# Oxidation Number of Atoms in Acetic Acid (CH3COOH)

Acetic acid (ethanoic acid), is an carboxylic acid compound in organic chemistry, has two carbon atoms, two oxygen atoms and four hydrogen atoms. In this tutorial, we are going to look how to find oxidation numbers of atoms in acetic acid molecule.

Content

• Methods to calculate oxidation numbers of carbon, oxygen and hydrogen atoms
• Find oxidation numbers of atoms of CH3COOH using lewis structure
• Mark direction of electrons attracting of bonds due to electronegativity difference
• Electronegativity values of carbon, hydrogen and oxygen - Pauling Scale
• Find oxidation numbers of atoms of CH3COOH using algebraic equation

## Methods to calculate oxidation numbers of carbon, oxygen and hydrogen atoms

There are two methods to find oxidation numbers of atoms.

1. Using lewis structure
2. Using algebraic equation: This method is not suitable for finding oxidation numbers of atoms in complex molecules. Therefore, we do not use that method in this tutorial.

## Find oxidation numbers of atoms of CH3COOH its using lewis structure

This method is the perfect way to find the oxidation numbers. In this method, lewis structure of relevant molecule should be drawn. So, draw the lewis structure of acetic acid.
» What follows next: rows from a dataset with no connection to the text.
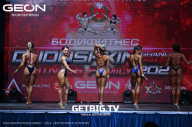 Grand Prix Dudushkin Fitness Family - 2023
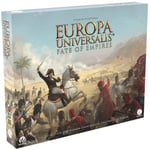 Europa Universalis Price of Power Empires Expansion Fun Strategy Board Game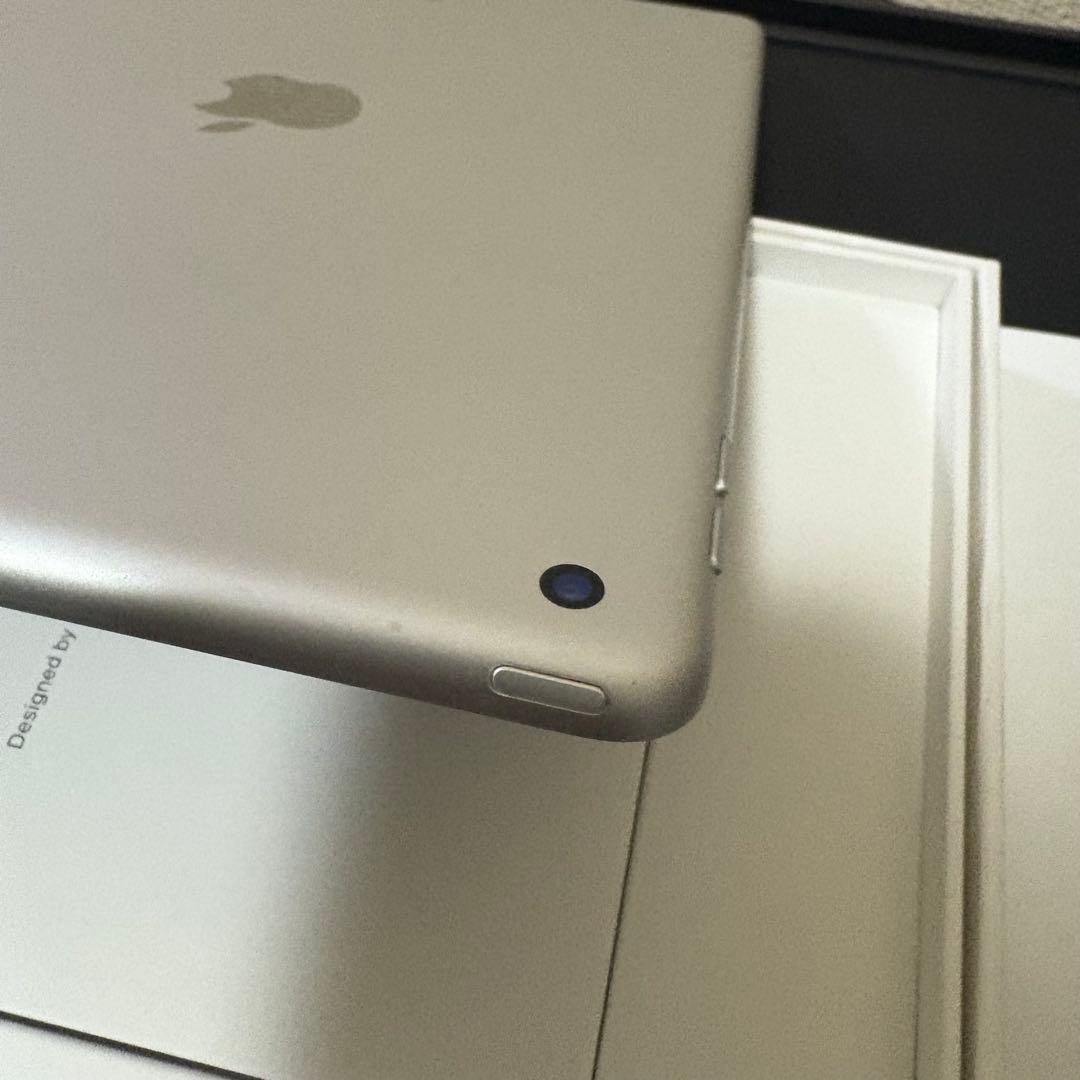 iPad 第9世代 10.2インチ 64GB+ Apple Pencil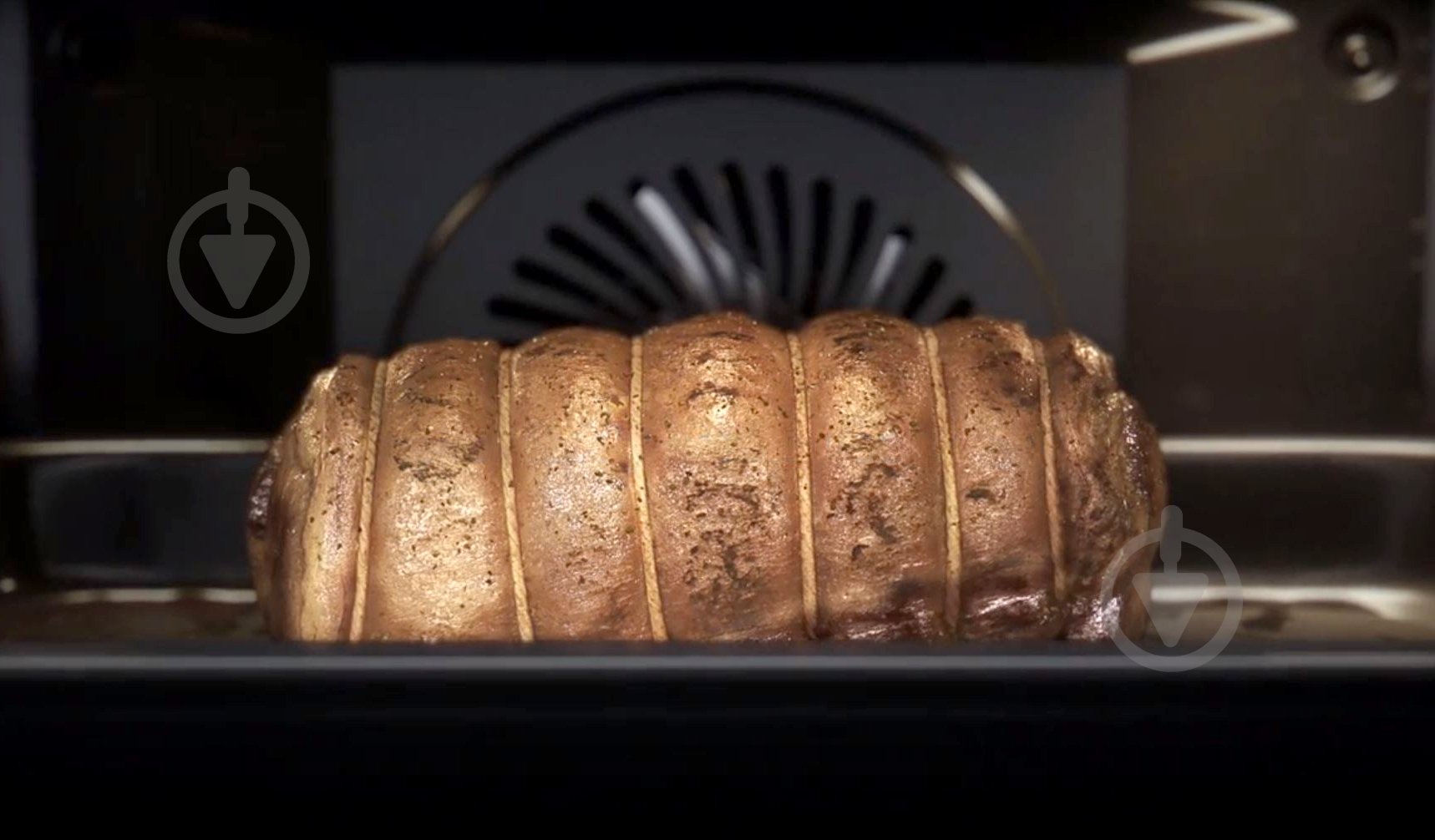 Духовой шкаф Electrolux OKC8H31V - фото 17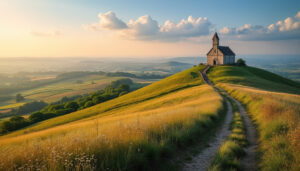 découvrez la colline de sion-vaudémont : un site emblématique où histoire, nature préservée et panoramas exceptionnels se rencontrent.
Completed lewis structure of acetic acid is shown below.

### Mark direction of electrons attracting of bonds due to electronegativity difference

Atoms which have higher electronegativity values, can attract electrons of bonds towards those atoms.

### Electronegativity values of carbon, hydrogen and oxygen - Pauling Scale

• Carbon:2.55
• Oxygen: 3.44
• Hydrogen: 2.2

Now, we can look how electrons are attracted between carbon, oxygen and hydrogen atoms.

• Among carbon, oxygen and hydrogen, oxygen is the most electronegetive element and hydrogen has the lowest electronegativity value. Electrons of bonds are attracted toward some atoms as following image.

Due to attracting of electrons of bonds towards higher electronegative atoms, individual oxidation numbers due to bonds are marked in the following figure.

• Oxidation number of carbon atom (which made C=O bond) = +2 + 0 + (+1) = +3
• Oxidation number of carbon atom (which made three C-H bonds) = -1 + (-1) + (-1) + 0 = -3
• Oxidation number of oxygen atom (which made C=O bond) = -2
• Oxidation number of oxygen atom (which made O-H bond) = -1 + (-1) = -2
• Oxidation state of each hydrogen atom = +1

## Find oxidation numbers of carbon atom of CH3COOH using algebraic equation

Following parameters are important to use this methodology to find oxidation number of unknown atom. This method is not accurate as the previous method.

• In this methodology, you can find oxidation number of only one atom. Therefore, oxidation numbers of all other atoms should be known or assumed to continue.
• In this case, we are going to find the oxidation number of both carbon atoms. So, oxidation numbers of oxygen atoms and hydrogen atoms should be known or assumed.
• Because, oxygen is the most electronegative element in CHCOOH molecule, we can take the oxidation number of oxygen atom as -2. Also, because Hydrogen atom is the most electropositive element, it's oxidation number should be +1. Now, we can substitute those values in the algebraic equation.

• Summation of oxidation states of all atoms in a molecular or anion = overall charge of the molecule or ion
• Σ(number of atoms of respective element × oxidation number of respective element) = overall charge of the molecule or ion
• Summation of oxidation states of carbon atoms + Summation of oxidation states of oxygen atoms + Summation of oxidation states of Hydrogen atoms = 0

Because oxidation number of carbon atoms is taken as unknown, take it as x to solve the algebraic equation.

• (2 × x) + (-2 × 2) + (+1 × 4) = 0
• x = 0

As compared with oxidation number of carbon atom which we found in the lewis structure method, this method has given us a different answer. As you are informed earlier, algebraic methodology does not give you the perfect answer, it gives you an average value in this case to suit to both carbon atoms.